┌─ DATA PROVIDED

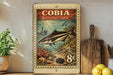 a vintage-style stamp or postcard with a fish illustration, placed on a wooden surface next to a wooden cutting board and some lemons.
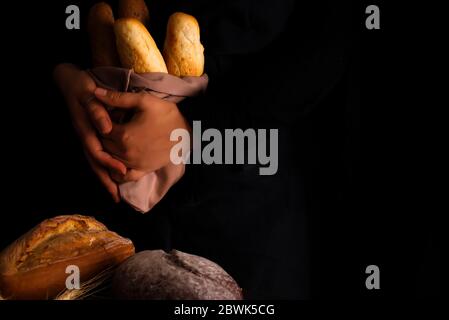 Woman holding tasty fresh breads on a dark. Baking and cooking concept background. Hands of baker carefully hold loaf on wooden table, sprinkled with Stock Photo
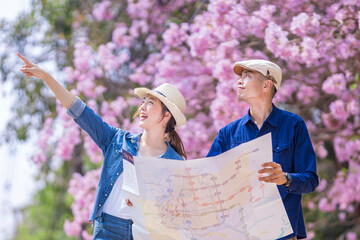 Asian couple tourist holding city map while walking in the park at cherry blossom tree during...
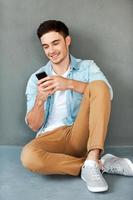 Sending message to friend. Joyful young man holding mobile phone and smiling while sitting against grey background photo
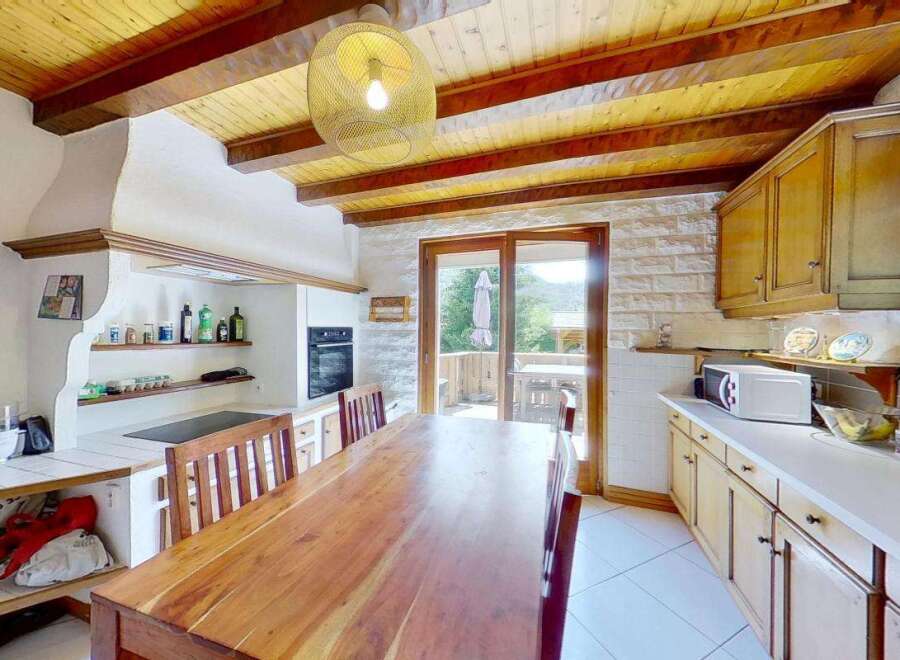 Discover this charming kitchen featuring a rustic wooden dining table perfect for family meals.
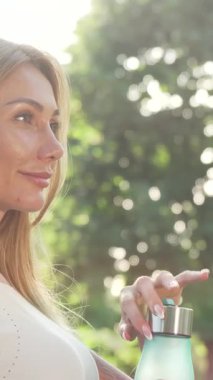 Canlılıkla parlayan ışıl ışıl bir kadın, canlandırıcı açık hava egzersizinden sonra turkuaz şişesinden ferahlatıcı bir yudum su içiyor. Sıcak güneş ışığıyla yıkanmış ve yemyeşil ile çevrili neşeli gülüşü sağlık ve neşe saçıyor.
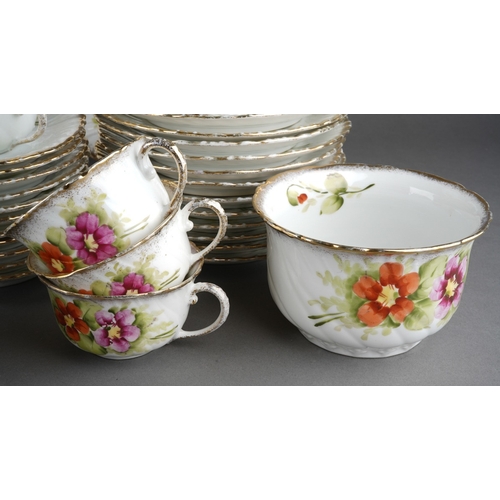 31 - A late 19th / early 20th century Continental porcelain tea set painted with pink and red flowers, co...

└─

Reproduce the lines of the data that run from the one containing "Sending message to" to the final line, both included, exactly as they appear and without the pictures.

= THE ANSWER =
 Sending message to friend. Joyful young man holding mobile phone and smiling while sitting against grey background photo
 Discover this charming kitchen featuring a rustic wooden dining table perfect for family meals.
 Canlılıkla parlayan ışıl ışıl bir kadın, canlandırıcı açık hava egzersizinden sonra turkuaz şişesinden ferahlatıcı bir yudum su içiyor. Sıcak güneş ışığıyla yıkanmış ve yemyeşil ile çevrili neşeli gülüşü sağlık ve neşe saçıyor.
 31 - A late 19th / early 20th century Continental porcelain tea set painted with pink and red flowers, co...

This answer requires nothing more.